Small business owners gathered in Baltimore earlier this week in order to support legislation which will require state deposits to go to local banks. Small businesses in Maryland are struggling because they are being denied loans from their local banks. According to a study done by Pepperdine University, 34 percent of small business owners nationwide named access to credit as their top policy issue.
In the instance of small independent business owner, James Racheff, chairman and CEO of DMS Applied Information and Management Sciences in Frederick, had a line of credit with Bank of America that he was using to wage his payroll as he tried to expand his company.
In a shocking turn of events, Bank of America cancelled this line forcing Racheff and his wife to sell their Frederick home and one of their family cars as the only solution to paying their employees.
In order to bolster support for small business owners, Senate Majority Leader, Rob Garagiola proposed the Lend Local Act of 2012, co-sponsored by Senator Young.

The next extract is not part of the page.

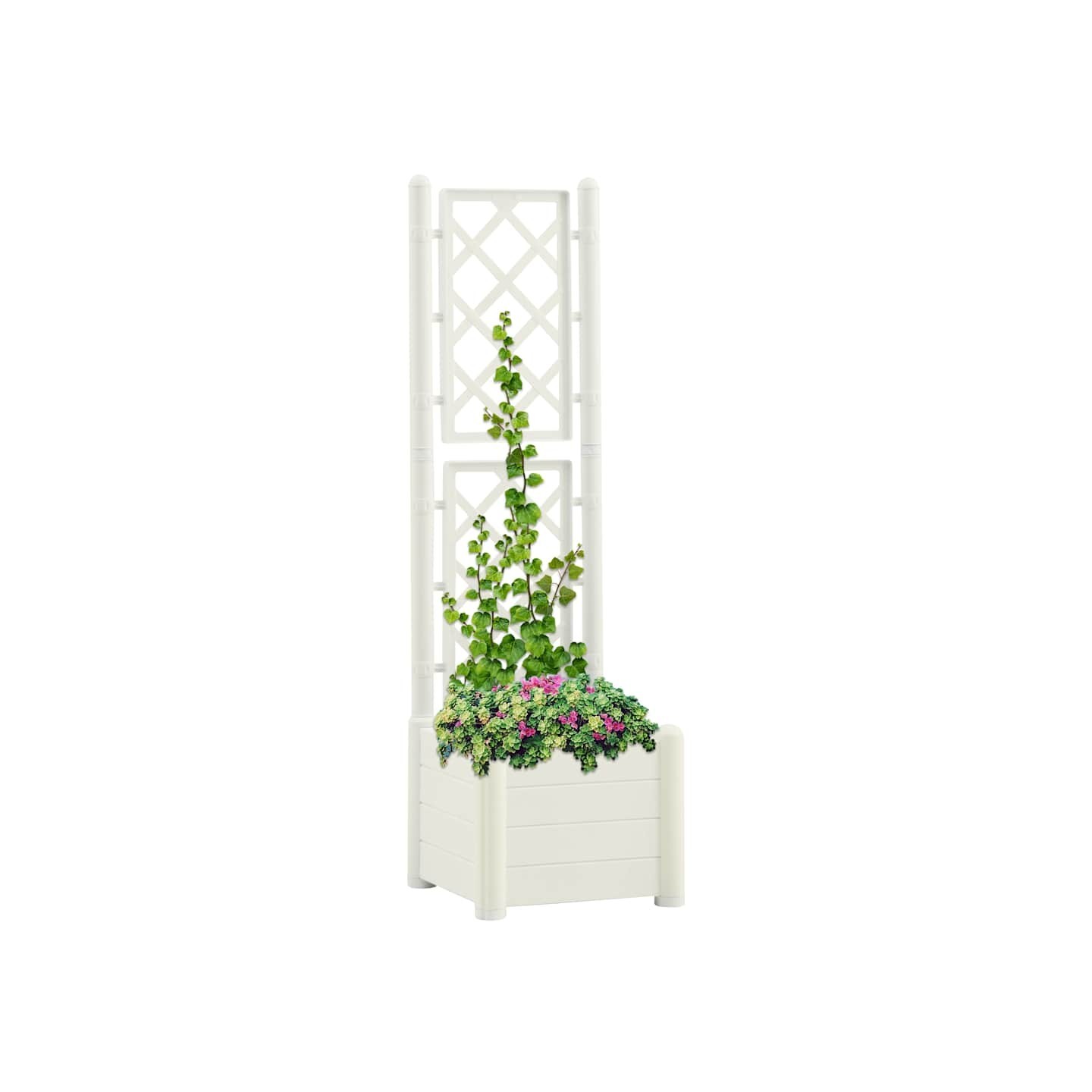Jardinière avec treillis 43x43x142 cm PP Blanc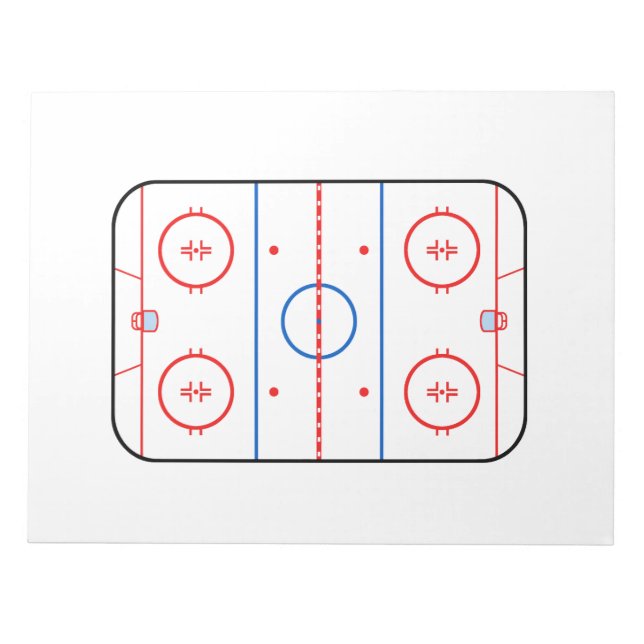 Ice Rink Diagramm Hockey Spiel Design Notizblock (Vorderseite)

When deciding whether to make an agreement with a financial institution to provide specified banking services to the State, this bill will require the Treasurer to consider whether the financial institution is operating in the State with assets less than 5 million dollars. If assets are below this amount, the Treasurer must commit to make loans to small businesses in the State in an aggregate amount of at least 200% [deposited by the Treasurer].The Lend Local Act of 2012 will strengthen Maryland economy. By granting more loans to small businesses, they will finally have the capability to expand. As a result, this expansion will incur a higher demand for jobs. Keeping Maryland small businesses alive is important to Maryland identity as well as essential to economic growth.